Core Competencies (Hard Skills)

  • Curriculum mapping and alignment
  • Needs assessment and gap analysis
  • Learning objectives development
  • Scope and sequence design
  • Content development and curation
  • Assessment design (formative and summative)
  • Rubric development
  • Data-driven decision making
  • Program evaluation
  • Standards alignment (Common Core, NGSS, state standards)
  • Accessibility compliance (Section 508, WCAG 2.1)
  • Quality assurance and content review

Professional Skills (Soft Skills That ATS Systems Track)

  • Cross-functional collaboration
  • Stakeholder engagement
  • Faculty development and coaching
  • Subject matter expert (SME) coordination
  • Change management
  • Professional development facilitation
  • Written and verbal communication
  • Project management

Certifications to Include (with Full Names)

Always include both the abbreviation and the full certification name so the ATS can match either format:

  • CPTD — Certified Professional in Talent Development (ATD, formerly CPLP)
  • CID — Certified Instructional Designer (ISPI/Langevin)
  • Google Certified Educator Level 1 and Level 2
  • NBPTS — National Board for Professional Teaching Standards certification
  • PMP — Project Management Professional (PMI) — valued in corporate curriculum roles
  • CPT — Certified Performance Technologist (ISPI)
  • QM — Quality Matters Certified Peer Reviewer (higher education)

Resume Format Optimization for ATS Compatibility

Formatting errors are the most preventable reason curriculum developer resumes fail ATS parsing. Follow these rules to ensure your content is extracted accurately.

File Format

  • Submit .docx unless the posting specifies PDF. Word documents parse most reliably across ATS platforms including Workday, Taleo, and iCIMS. Some modern systems handle PDFs well, but .docx remains the safest default.
  • Never submit .pages, .odt, or image-based PDFs. These formats cause parsing failures or return blank fields.

Layout Rules

  • Use a single-column layout. Two-column and sidebar designs cause field-mapping errors. Content from the left column may merge with content from the right, creating nonsensical strings.
  • Use standard section headings. "Professional Experience," "Education," "Skills," and "Certifications" are universally recognized. Avoid creative alternatives like "Where I've Made an Impact" or "My Toolkit."
  • Do not use tables for layout. Many ATS platforms strip table formatting, scrambling the content order. If you must use a table (e.g., for a compact skills grid), test it by copying your resume text into a plain text editor and reading the output.
  • Avoid text boxes, headers, and footers for critical information. Your name and contact information should be in the body of the document, not in a header. ATS parsers frequently skip header and footer content entirely.
  • Use standard fonts. Calibri, Arial, Garamond, Cambria, or Times New Roman in 10-12pt. Decorative fonts can cause character-encoding issues.

Naming Conventions

  • Name your file FirstName-LastName-Curriculum-Developer-Resume.docx. Some ATS platforms display file names to recruiters, and a professional file name makes a strong first impression.

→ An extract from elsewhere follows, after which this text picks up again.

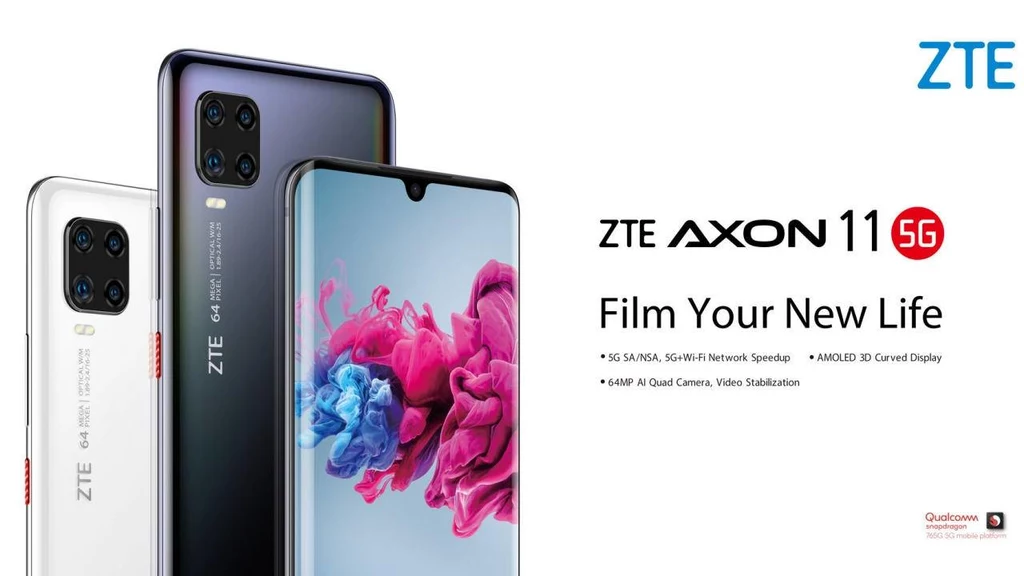 ZTE Axon 11 5G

Section-by-Section Optimization Guide

Professional Summary (3 Variations)

Your professional summary is the first 3-4 lines a recruiter reads after the ATS surfaces your resume. It should include your job title (matching the posting), years of experience, key specialization, and one quantified achievement. Here are three variations for different curriculum developer profiles:

K-12 Curriculum Developer:

Curriculum Developer with 8 years of experience designing standards-aligned instructional programs for K-12 districts serving 15,000+ students. Led a district-wide curriculum overhaul that increased state assessment proficiency rates by 14 percentage points across 23 schools. Expertise in backward design, UDL implementation, and NGSS-aligned science curriculum. Holds NBPTS certification and a Master's in Curriculum and Instruction.

Corporate Learning / L&D Curriculum Developer:

Curriculum Developer and Instructional Designer with 6 years of experience building SCORM-compliant training programs for Fortune 500 organizations. Designed a 40-module onboarding curriculum in Articulate Storyline 360 that reduced new hire ramp-up time by 22% and improved 90-day retention by 11%. CPTD-certified with deep expertise in the ADDIE model, Kirkpatrick evaluation, and LMS administration (Cornerstone OnDemand, TalentLMS).

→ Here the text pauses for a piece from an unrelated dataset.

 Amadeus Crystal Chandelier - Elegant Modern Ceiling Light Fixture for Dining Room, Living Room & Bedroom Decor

Higher Education Curriculum Developer:

Curriculum Developer with 10 years of experience in higher education, specializing in online and hybrid course design for programs enrolling 3,000+ students annually. Redesigned a 12-course undergraduate business curriculum that improved student satisfaction scores from 3.4 to 4.2 (out of 5.0) and increased course completion rates by 18%. Quality Matters Certified Peer Reviewer with expertise in Canvas LMS, accessibility compliance (Section 508/WCAG 2.1), and competency-based education frameworks.

Work Experience with Quantified Bullets

Each bullet should follow the Action Verb + Task + Metric/Outcome formula. Curriculum developers often undersell their impact by listing duties instead of results. Here are 15 examples that demonstrate measurable impact:

  1. Developed a K-8 ELA curriculum aligned to Common Core standards for a district of 12,000 students, resulting in a 16% increase in grade-level reading proficiency over two academic years.

  2. Designed and deployed 35 SCORM-compliant e-learning modules in Articulate Storyline 360, reducing instructor-led training hours by 40% while maintaining a 92% learner satisfaction score.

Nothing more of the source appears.